Smoking the perfect whole turkey on a pellet grill is easy if you follow my instructions: cook it at the right temperature (325°F), pick the right pellets (apple, pecan, and hickory are my favorites), and remove it when the breast reads 160°F internal temperature.
Smoked turkey is one of my favorite things to cook on my Grilla Silverback pellet grill. It makes a stunning presentation during the holiday season (I make at least one for every Thanksgiving), I've smoked countless turkeys, and I’m going to fill you in on my favorite tips and get you my go-to recipe.

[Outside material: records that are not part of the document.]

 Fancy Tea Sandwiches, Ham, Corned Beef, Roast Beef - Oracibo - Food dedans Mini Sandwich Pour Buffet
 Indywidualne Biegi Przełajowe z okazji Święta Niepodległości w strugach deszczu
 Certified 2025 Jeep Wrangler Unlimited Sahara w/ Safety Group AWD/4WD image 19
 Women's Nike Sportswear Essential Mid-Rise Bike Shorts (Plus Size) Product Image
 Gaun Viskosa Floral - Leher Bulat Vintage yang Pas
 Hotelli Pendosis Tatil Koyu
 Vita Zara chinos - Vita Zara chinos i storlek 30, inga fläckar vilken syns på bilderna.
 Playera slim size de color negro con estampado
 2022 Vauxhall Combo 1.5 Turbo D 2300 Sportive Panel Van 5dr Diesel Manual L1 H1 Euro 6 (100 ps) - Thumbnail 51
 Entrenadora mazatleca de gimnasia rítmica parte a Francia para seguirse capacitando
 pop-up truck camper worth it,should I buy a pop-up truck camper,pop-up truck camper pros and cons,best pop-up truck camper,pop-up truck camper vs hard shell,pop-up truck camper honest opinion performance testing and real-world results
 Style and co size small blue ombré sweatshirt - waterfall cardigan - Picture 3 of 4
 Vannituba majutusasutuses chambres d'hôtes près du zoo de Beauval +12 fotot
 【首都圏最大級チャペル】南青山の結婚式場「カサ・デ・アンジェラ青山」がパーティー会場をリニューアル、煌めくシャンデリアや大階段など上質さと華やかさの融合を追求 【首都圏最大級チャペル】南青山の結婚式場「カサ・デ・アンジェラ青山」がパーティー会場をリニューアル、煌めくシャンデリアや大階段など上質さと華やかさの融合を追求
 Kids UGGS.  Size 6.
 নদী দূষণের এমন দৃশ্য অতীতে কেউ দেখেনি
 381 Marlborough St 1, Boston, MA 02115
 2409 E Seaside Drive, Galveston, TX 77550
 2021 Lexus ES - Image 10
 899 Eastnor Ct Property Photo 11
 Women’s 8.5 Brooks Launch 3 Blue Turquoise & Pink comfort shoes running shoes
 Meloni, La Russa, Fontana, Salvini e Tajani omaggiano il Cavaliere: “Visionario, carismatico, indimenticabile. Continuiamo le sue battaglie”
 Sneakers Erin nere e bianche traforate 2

I’ll cover all you need to know, including carving, when and how to brine, and how much you’ll need per person. And what’s turkey without gravy? Don’t worry, I’ve got my gravy recipe here, too. Let’s get to it!
I like smoking my turkey on my pellet grill because it's easy - set the temp and forget it!
This allows me to focus on prepping sides for turkey day while that delicious smoke flavor from the wood pellets gets into the turkey meat. Pellet grills make the smoking process painless.
Note: this recipe is for pre-brined turkey, which may also be labeled as “enhanced,” “self-basted,” or “basted.” These turkeys have had a saline solution added to them (more on that later).
Onto the recipe for the perfect turkey.
Cook Time: Around 2 to 2 1/2 hours for perfectly smoked turkey.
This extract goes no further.